Prospective information about the frequency and magnitude of posttransplant medication nonadherence is limited (9-12). Most studies of nonadherence after transplantation have been retrospective, with nonadherence suspected or confirmed only in recipients with adverse outcomes (e.g., rejection or graft loss). Consequently, the definitions of nonadherence have largely been qualitative and variable.

Employing electronic medication monitors (MEMS), we obtained prospective, dynamic, and quantitative data on medication adherence in renal transplant recipients. Our initial report of this cohort (with daily monitored azathioprine [Aza] dosing) demonstrated that nonadherence appeared early in the posttransplant period and was pervasive (9). More than 50% of patients missed one or more days of Aza during the first 90 days after hospital discharge. Early adverse consequences, including acute transplant rejection and later loss, were proportional to the timing and extent of early nonadherence (9). We report here the results of multi-year electronic monitoring and later clinical follow-up of that prospective patient cohort.

MATERIALS AND METHODS

Patients

Study design and recruitment were described in the initial report (9).
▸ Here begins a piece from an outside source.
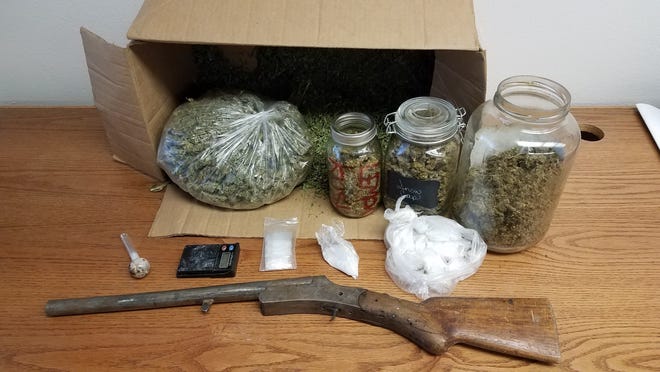 Tulare County detectives uncover marijuana and methamphetamine during a bust on Wednesday.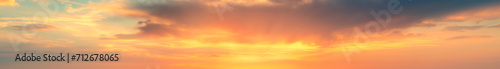 extra wide panoramic fiery sunset sky. Vibrant gradient tones. poster banner landing page background design. Vibrant fantasy colorful cloudscape. Orange and yellow gradient sky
Briefly, between March 1993 and October 1995, 386 consecutive patients received kidney-only transplants at the University of Minnesota and were discharged with functioning renal allografts. Study-eligible patients received Aza tablets as part of their immunosuppressive regimen and were responsible for their own medication administration. Of the 386 patients, 47 were ineligible because of: language barriers; use of Aza suspension; or care setting (e.g., nursing home), and 72 patients were discharged before they could be invited to participate. Of the 267 remaining patients, 180 (67.4%) agreed to enroll, whereas 87 declined study participation (nonparticipants – Fig. 1). Excluded from the analyses were 43 enrolled patients with less than 3 months of evaluable monitor data. These patients included 21 who withdrew, 18 with missing data, two grafts lost, and two deaths occurring within the first 90 days. The remaining 137 patients are included in all analyses.

FIGURE 1.

FIGURE 1

The final distribution of all study-eligible subjects.

Electronic Medication Monitors

All study participants received their Aza tablets in a medication vial with an electronic monitor sealed in the vial cap (Medication Event Management System, MEMS Track-Cap [Aprex Corp., Union City, CA]). These monitors generate a date and time record each time the cap is removed. By study design, 4 years of continuous medication monitoring was planned and participants were informed that their Aza use was being electronically monitored. By using techniques previously described (9), we compiled a cumulative record of daily cap openings for each study patient, beginning at initial hospital discharge after transplant surgery. Each cap removal was presumed to represent the patient ingesting one dose of Aza. All MEMS records were maintained separate from clinical records, so medication adherence information would not influence clinical decisions regarding medication dosing, transplant kidney biopsy, or hospitalization. This study was initially approved by the University of Minnesota Institutional Review Board and continues to be reviewed and approved annually.

Adherence Definition

Aza was usually prescribed as a single daily dose. Dosage changes were documented by careful review of each patient’s medical record. From hospital discharge after transplantation through study termination (due to dropout, patient death, or study completion), each day was assigned to three mutually exclusive categories; adherent, nonadherent, or missing. Missing data days are those when a patient was hospitalized, the monitor cap malfunctioned, or the cap was physically lost. Because no reliable estimation of adherence was possible for missing data days, they were excluded from calculations. All the remaining days were evaluable as adherent or nonadherent. Days were deemed nonadherent, if on that day there were no cap openings, between 3:00 a.m. that morning and 2:59 a.m. the next day. This interval was chosen to minimize confusion when patients took their Aza after midnight. A adherent day was one when there was at least the prescribed cap opening during that 24-hr interval, and extra openings were ignored. On days when Aza was prescribed not to be taken, no cap opening was defined as an adherent day.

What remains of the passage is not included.